Return all of the following entries as written, but without the images.

*** Begin section ***

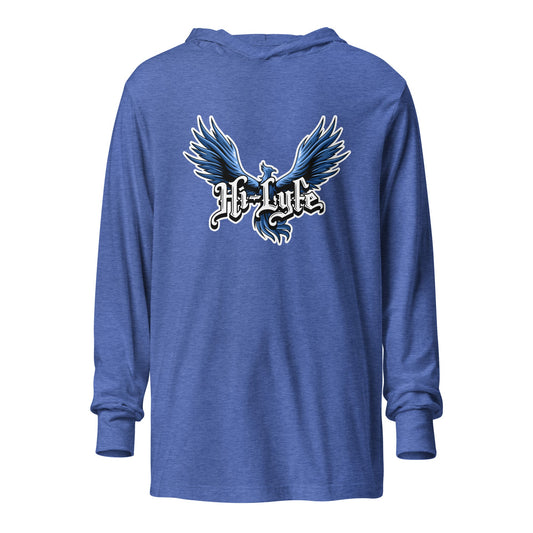 Performance | Hooded Long Sleeve T Shirt | Hi - Lyfe Basketball | Wings Logo
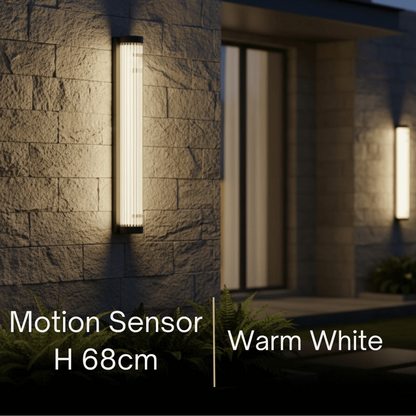 Irondale Modern Outdoor Wall Sconce – Waterproof Light for Terrace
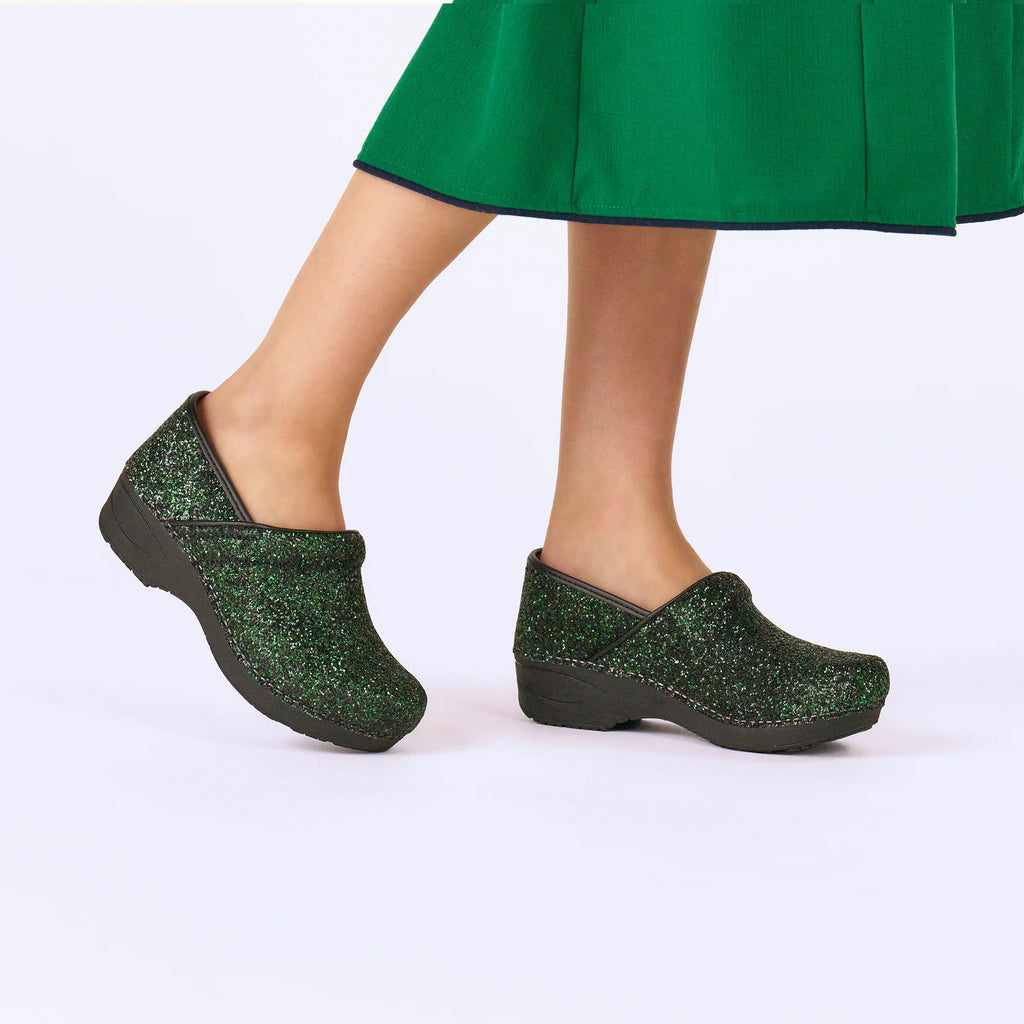Dansko XP 2.0 Elixir Green Glitter Clog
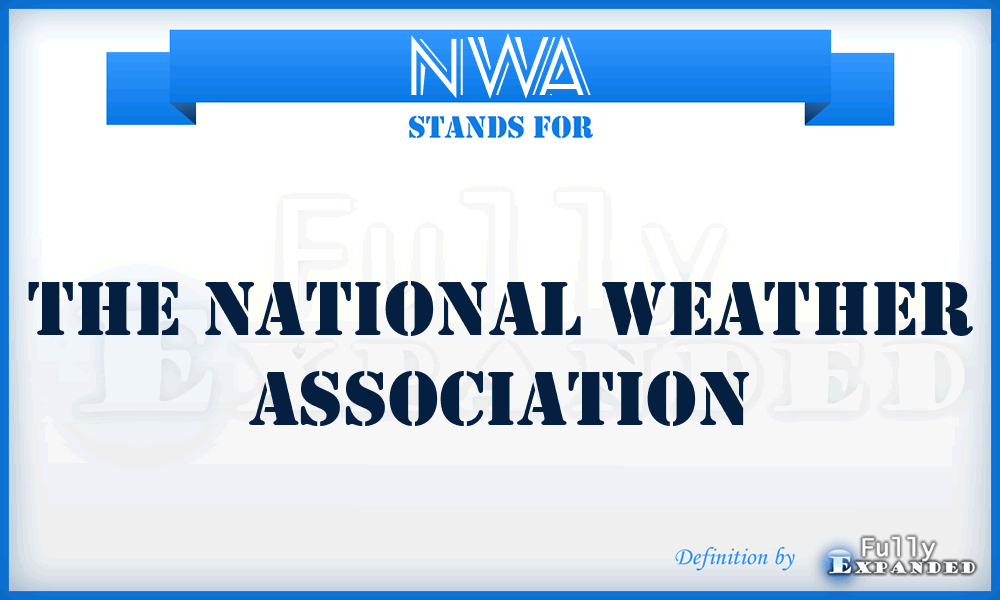 NWA - The National Weather Association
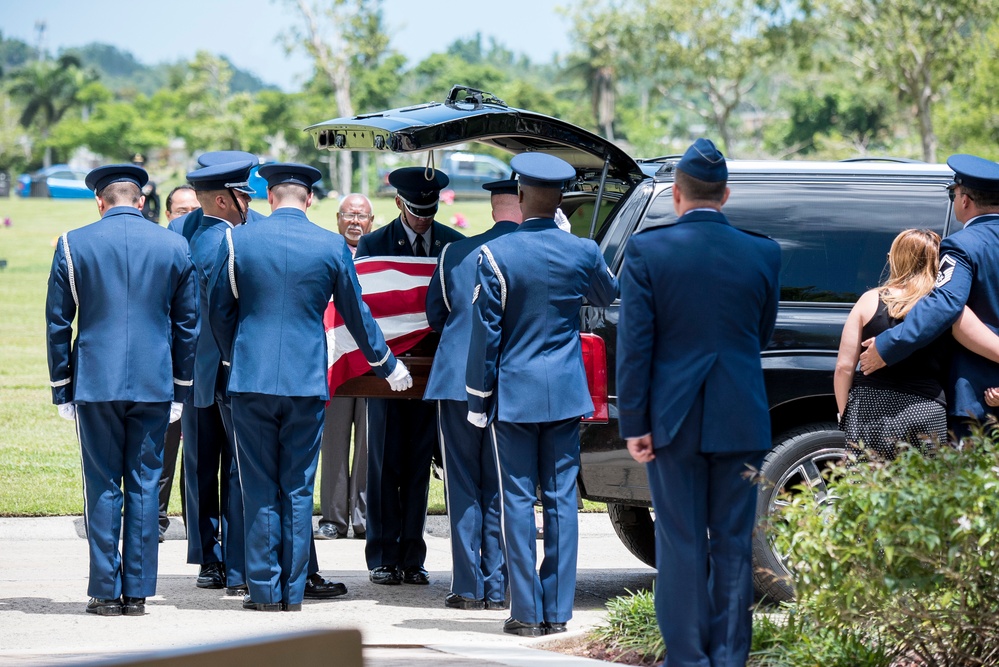 156th Airlift Wing Airman laid to rest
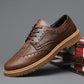 Leather Shoes for Men Luxury High Quality Brogue Shoes comfortable Soft Sole Men&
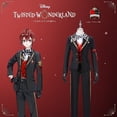 thumbnail image 2 of Disney Twisted Wonderland Riddle Alicia en el país de las Maravillas Cosplay disfraz uniforme hombre/mujer Halloween carnaval disfraz conjuntoFemeninoXL y acertijo Deng Xun unisex, 2 of 2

*** End section ***

▶ **OUTPUT OF THE EXERCISE**:
 Performance | Hooded Long Sleeve T Shirt | Hi - Lyfe Basketball | Wings Logo
 Irondale Modern Outdoor Wall Sconce – Waterproof Light for Terrace
Dansko XP 2.0 Elixir Green Glitter Clog
 NWA - The National Weather Association
 156th Airlift Wing Airman laid to rest
 Leather Shoes for Men Luxury High Quality Brogue Shoes comfortable Soft Sole Men&
 thumbnail image 2 of Disney Twisted Wonderland Riddle Alicia en el país de las Maravillas Cosplay disfraz uniforme hombre/mujer Halloween carnaval disfraz conjuntoFemeninoXL y acertijo Deng Xun unisex, 2 of 2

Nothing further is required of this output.